Please include code to address each of the following questions. Please include code comments to explain what your code is attempting to accomplish. Don't forget to include references to the sources you used to obtain your answer, including your classmates (if you are working in groups).  

1. How many reads map to HA, and how many reads map to NA?

In [33]:
import re
import Bio.SeqIO

seqreads = list(Bio.SeqIO.parse('barcodes_R1.fastq', 'fastq'))

seqreads_str = []
for seqrecord in seqreads:
    seqreads_str.append(str(seqrecord.seq))

def reverse_complement(seq, unk_partner = 'N'):
    base_partner = {'A':'T', 'T':'A', 'C':'G', 'G':'C'}
    rseq = ''
    for base in seq:
        if base in base_partner:
            # look up the complementary base in the dictionary and add in reverse order
            rseq = base_partner[base] + rseq
        else:
            rseq = unk_partner + rseq
    return rseq

def read_barcode(seqread, bclen, proteinseq, upstream='AGGCGGCCGC'):
    seqread = seqread.upper() #make each seq all uppercase
    reverse = reverse_complement(seqread) # get the reverse complement of the read

    # compile the barcode search pattern
    barcode_pattern = re.compile(proteinseq + upstream + f"(?P<barcode>[ATCGN]{{{bclen}}})$")

    # search for the barcode pattern
    match = barcode_pattern.search(reverse)

    if match:
        barcode = match.group('barcode')
        return barcode
    else:
        return None

barcode_counts_ha = {}
barcode_counts_na = {}
barcodeha=0
barcodena=0

for seq in seqreads_str: # iterate through all reads
    barcode_ha = read_barcode(seq, bclen = 16, proteinseq='CCGGATTTGCATATAATGATGCACCAT')
    barcode_na = read_barcode(seq, bclen = 16, proteinseq='CACGATAGATAAATAATAGTGCACCAT')
    if barcode_ha: # if there is a valid barcode, add it to the dictionary
        if barcode_ha in barcode_counts_ha:
            barcode_counts_ha[barcode_ha] += 1
        else:
            barcode_counts_ha[barcode_ha] = 1
    if barcode_na:
        if barcode_na in barcode_counts_na:
            barcode_counts_na[barcode_na] += 1
        else:
            barcode_counts_na[barcode_na] = 1

ha_counts = sum(barcode_counts_ha.values())
na_counts = sum(barcode_counts_na.values())

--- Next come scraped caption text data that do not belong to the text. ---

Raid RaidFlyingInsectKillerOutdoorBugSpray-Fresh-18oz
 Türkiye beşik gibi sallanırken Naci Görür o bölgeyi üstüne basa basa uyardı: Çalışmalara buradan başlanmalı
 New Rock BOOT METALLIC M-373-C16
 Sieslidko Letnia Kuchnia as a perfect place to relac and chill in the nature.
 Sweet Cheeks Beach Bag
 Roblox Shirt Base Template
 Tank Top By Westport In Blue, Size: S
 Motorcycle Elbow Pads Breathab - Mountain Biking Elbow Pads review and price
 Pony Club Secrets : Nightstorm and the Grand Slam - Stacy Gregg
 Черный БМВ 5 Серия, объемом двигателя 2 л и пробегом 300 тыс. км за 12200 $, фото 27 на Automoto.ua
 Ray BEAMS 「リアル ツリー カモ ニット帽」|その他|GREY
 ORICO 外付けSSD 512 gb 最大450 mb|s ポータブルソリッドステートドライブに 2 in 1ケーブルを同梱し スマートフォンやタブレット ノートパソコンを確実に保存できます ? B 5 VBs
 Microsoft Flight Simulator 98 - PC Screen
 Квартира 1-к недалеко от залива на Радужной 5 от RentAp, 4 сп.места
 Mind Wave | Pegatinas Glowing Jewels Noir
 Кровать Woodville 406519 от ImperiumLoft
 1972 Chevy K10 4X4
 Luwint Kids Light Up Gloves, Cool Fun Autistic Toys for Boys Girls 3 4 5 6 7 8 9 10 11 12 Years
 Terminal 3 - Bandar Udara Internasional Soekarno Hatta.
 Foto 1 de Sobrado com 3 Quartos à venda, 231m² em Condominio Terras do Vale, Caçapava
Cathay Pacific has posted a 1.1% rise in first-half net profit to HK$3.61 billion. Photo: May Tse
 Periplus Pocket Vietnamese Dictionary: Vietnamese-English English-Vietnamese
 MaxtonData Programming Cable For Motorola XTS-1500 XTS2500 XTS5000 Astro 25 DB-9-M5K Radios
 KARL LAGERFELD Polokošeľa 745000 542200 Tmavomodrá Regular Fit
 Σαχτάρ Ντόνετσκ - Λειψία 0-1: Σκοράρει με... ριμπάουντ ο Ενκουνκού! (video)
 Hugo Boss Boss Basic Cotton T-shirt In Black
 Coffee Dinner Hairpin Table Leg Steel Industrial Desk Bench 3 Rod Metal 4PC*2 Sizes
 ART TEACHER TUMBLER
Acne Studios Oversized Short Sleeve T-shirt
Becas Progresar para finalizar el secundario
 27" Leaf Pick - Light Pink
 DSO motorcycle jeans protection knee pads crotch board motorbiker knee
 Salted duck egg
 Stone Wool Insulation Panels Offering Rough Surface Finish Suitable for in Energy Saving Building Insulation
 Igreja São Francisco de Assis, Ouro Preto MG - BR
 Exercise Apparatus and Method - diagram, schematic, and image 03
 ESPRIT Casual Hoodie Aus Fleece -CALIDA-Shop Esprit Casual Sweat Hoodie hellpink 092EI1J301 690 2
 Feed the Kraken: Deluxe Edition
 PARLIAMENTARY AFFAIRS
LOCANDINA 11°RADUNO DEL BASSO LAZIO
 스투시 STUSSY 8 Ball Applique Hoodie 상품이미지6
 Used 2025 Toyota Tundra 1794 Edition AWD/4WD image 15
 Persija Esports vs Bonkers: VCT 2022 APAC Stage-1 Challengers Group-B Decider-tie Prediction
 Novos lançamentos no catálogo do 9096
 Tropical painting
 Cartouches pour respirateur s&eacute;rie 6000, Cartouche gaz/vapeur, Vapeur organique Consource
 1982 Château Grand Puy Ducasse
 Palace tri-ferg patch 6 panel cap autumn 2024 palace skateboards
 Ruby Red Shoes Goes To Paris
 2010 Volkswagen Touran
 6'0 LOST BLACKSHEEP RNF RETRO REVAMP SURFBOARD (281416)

print(f"The number of reads that mapped to HA were {ha_counts}.")
print(f"The number of reads that mapped to NA were {na_counts}.")

The number of reads that mapped to HA were 5246.
The number of reads that mapped to NA were 3910.


2. What is the HA barcode with the most counts (and how many counts)? Also answer the same question for NA.

    _Hint: you will need to find the key associated with the maximum value in your dictionary. There are many ways to do this._

In [40]:
max_ha_barcode = max(barcode_counts_ha, key=barcode_counts_ha.get)
max_ha_count = max(barcode_counts_ha.values())
max_na_barcode = max(barcode_counts_na, key=barcode_counts_na.get)
max_na_count = max(barcode_counts_na.values())
print (f"The HA barcode with the most counts was {max_ha_barcode} with the total counts for this barcode being {max_ha_count}.")
print (f"The HA barcode with the most counts was {max_na_barcode} with the total counts for this barcode being {max_na_count}.")

The HA barcode with the most counts was CCCGACCCGACATTAA with the total counts for this barcode being 155.
The HA barcode with the most counts was ACCAGTTCTCCCCGGG with the total counts for this barcode being 152.